Do you know how to use your fridge drawers to keep your fresh fruit and veg fresh for longer?
Remember this tip, “Rot low-wilt high, so your veggies will not die”
If it wilts then it needs high humidity, which means the drawer will be completely closed off from the rest of the fridge and the humidity in the drawer will increase. Foods like green onions, fresh spices, broccoli, lettuce, spinach and other leafy greens that can wilt should go in this HIGH humidity drawer.
If a food rots then it needs a lower humidity when you slide the setting to a lower humidity the air from the rest of the fridge will be able to circulate through. This tip immediately made sense to me as we learned about foods that emit ethylene gasses in school. Things like tomatoes, avocados, and ripe bananas can go in the LOW humidity drawer, the gasses they emit can then escape.
Other tips:
- Tomatoes can get chill injury if your fridge is too cold. Keep them toward the front of the fridge if you feel they are going off too quickly or try keeping them out of the fridge. Keep them in a bowl on their own and the gasses they emit won’t ripen your other fruits too quickly.

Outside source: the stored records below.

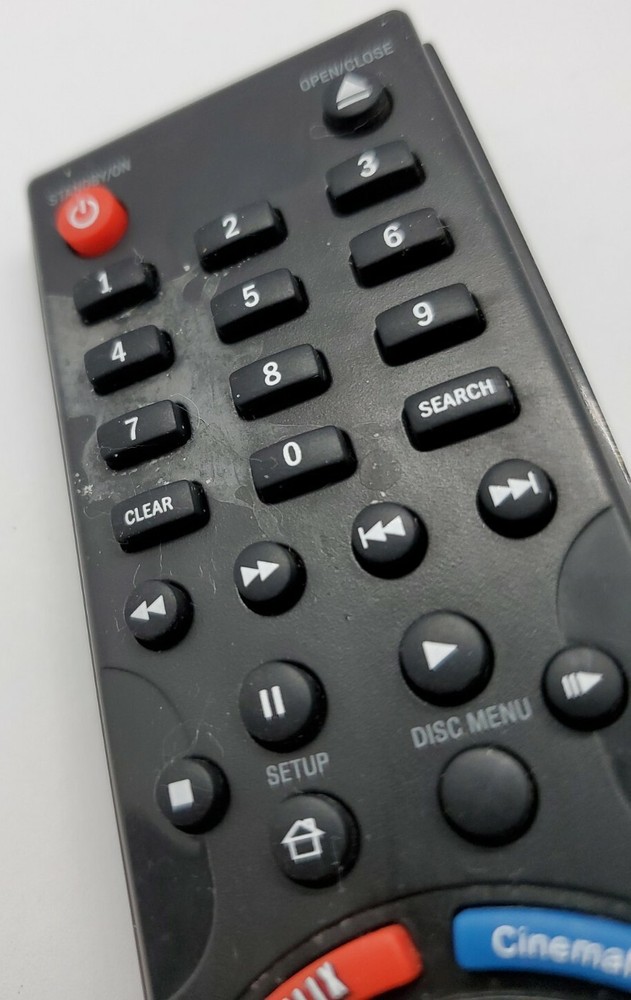 DYNEX D058 Blu-Ray Remote Control DXWBRDVD1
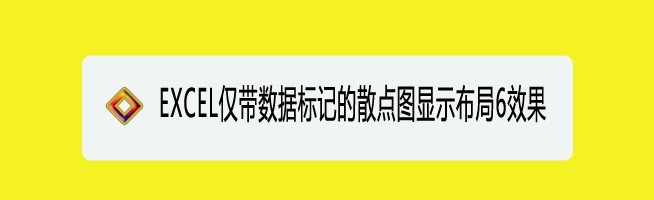 <b>EXCEL仅带数据标记的散点图显示布局6效果</b>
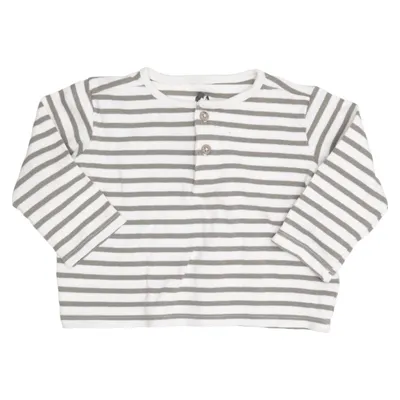 T-shirt manches longues (Blanc, Gris) de Baby C&A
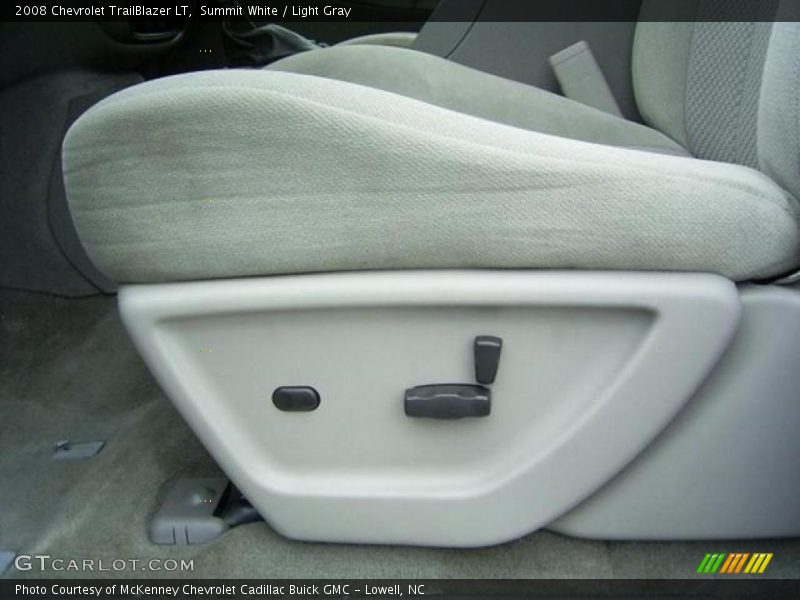 Summit White / Light Gray 2008 Chevrolet TrailBlazer LT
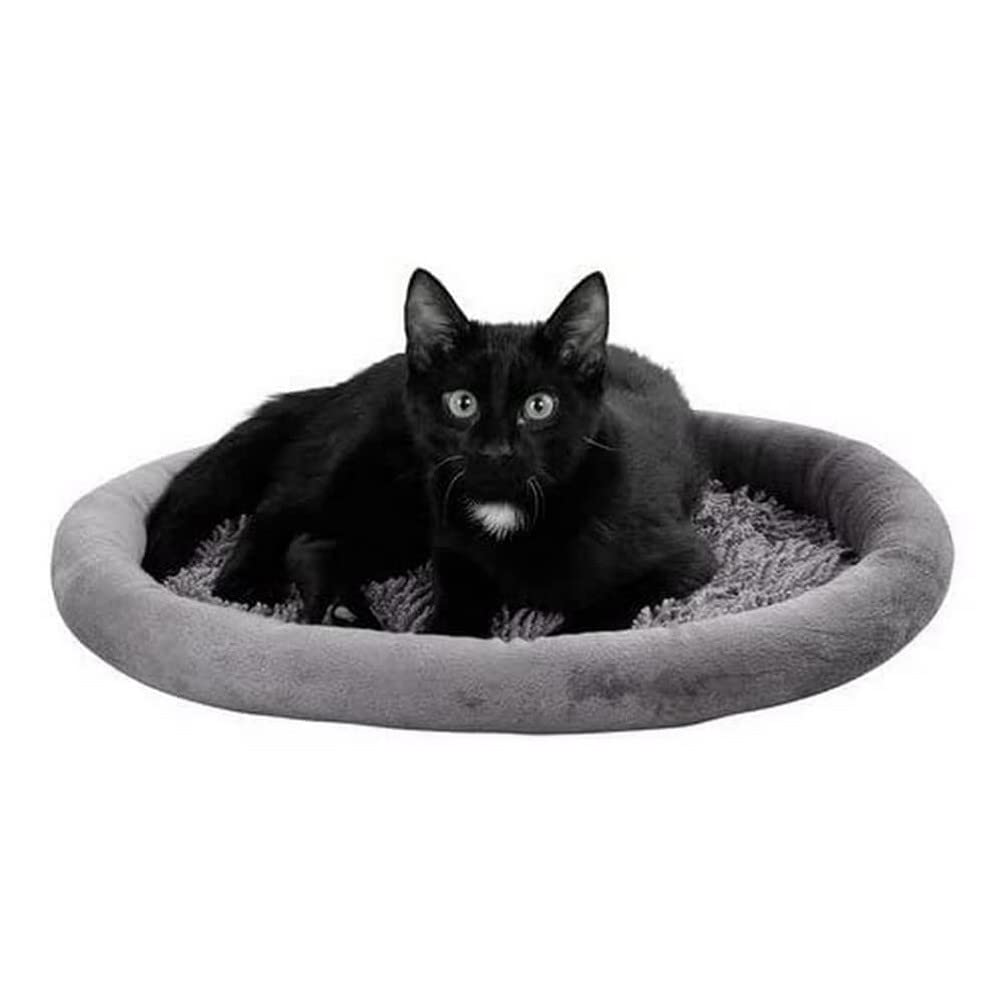 kerbl-pet-kuschelbett-sweety-hundebett-katzenbett-grau-48-x-40-x-4-cm image 1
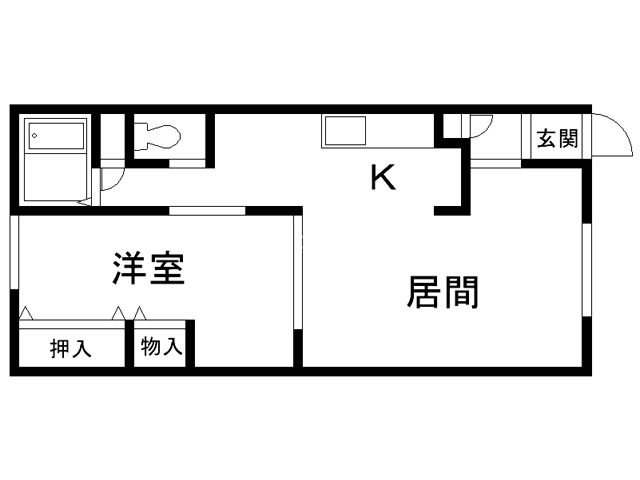 安立マンションの間取り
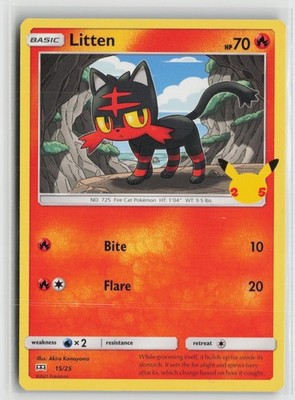 Litten 24/149 Common SM Base Set Pokemon NM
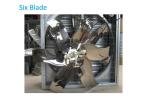 50 Inch Greenhouse Cooling Fans In Ventilation Six Blades Large Air Volume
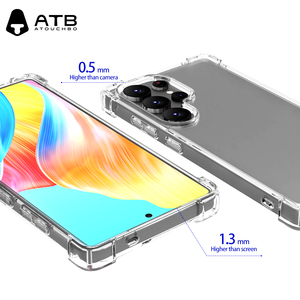 ATB Pour Samsung Galaxy S24 Plus Couverture Arrière <span class=keywords><strong>Transparente</strong></span> Ultra Mince Clair Souple TPU Téléphone étui pour Samsung S25 Ultra S23 <span class=keywords><strong>S22</strong></span> + - Product Image 2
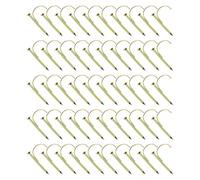 MAGICLULU Clou Crochet en Acier Fixation Précise 1/2 Pouce 150 Pièces Pince Murale Demi-clips pour Tuyaux D'eau et Câbles pour Installations Industrielles et Projets de Plomberie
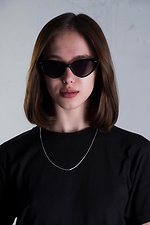 Women's Sunglasses Chanterelle Black Rim Without 8048933 photo №7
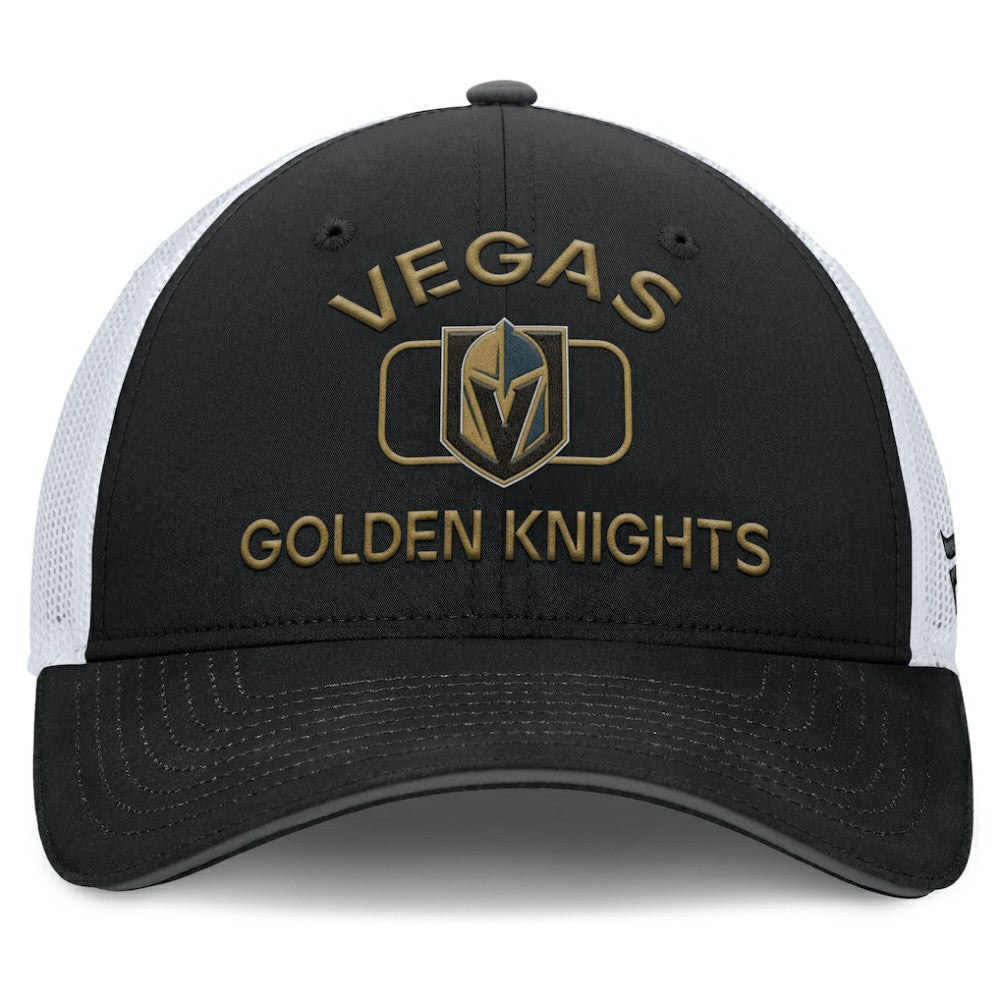 Vegas Golden Knights Fanatics Authentic Pro Rink Trucker Hat Black/White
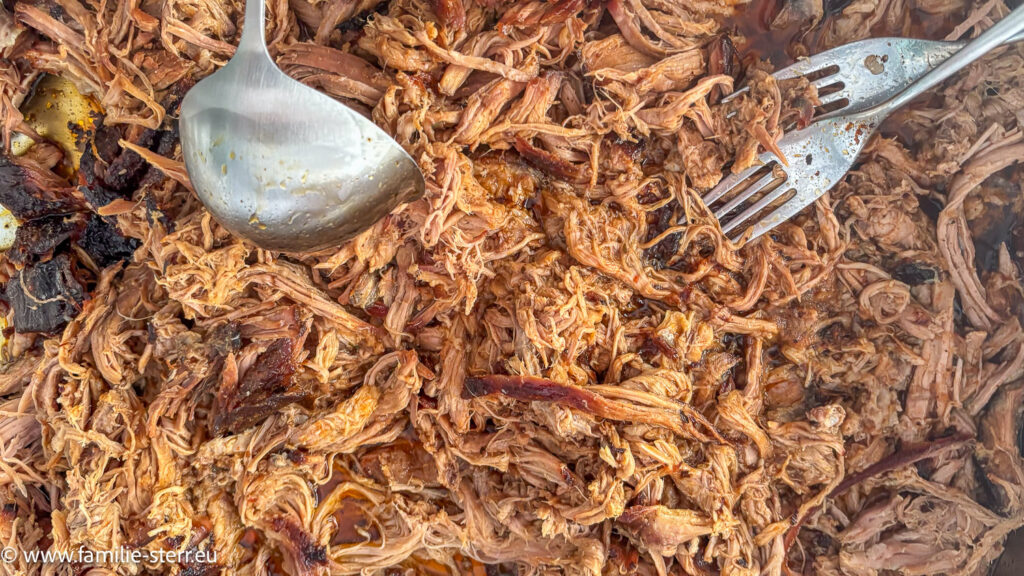 Pulled Pork bei Astrids Geburtstagsparty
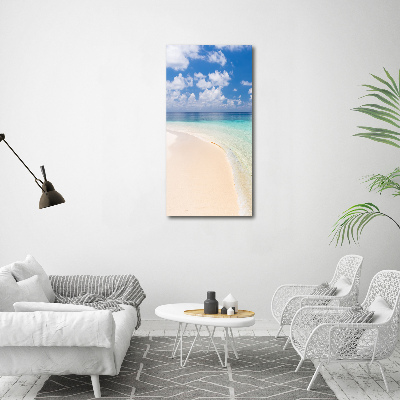 Tableau mural sur toile Plage Maldives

- To speed up the ripening of an avocado keep it on the counter in a paper bag, the gasses it emits can help it ripen as they get trapped in the paper bag.
- Buy what you can eat so your foods don’t go bad before you can eat them.
- Try freezing food if you think it’ll go bad before you can eat it.
- If your vegetables are going to go bad try making a puree of the vegetables in a blender and freeze them in dated plastic zipper bags. You can then thaw and use in soups and sauces at your convenience.
Where I got my information:
http://www.frontlineservices.com.au/Frontline_Services/Fruit_ripening_gas_-_ethylene.html
The rest of the information came from the far, far depths of my brain as things quickly came back to me after reading about ethylene. I give full credit to Dr. Kwan Wong at MSVU for teaching me about this process.
Great tips, thanks!!!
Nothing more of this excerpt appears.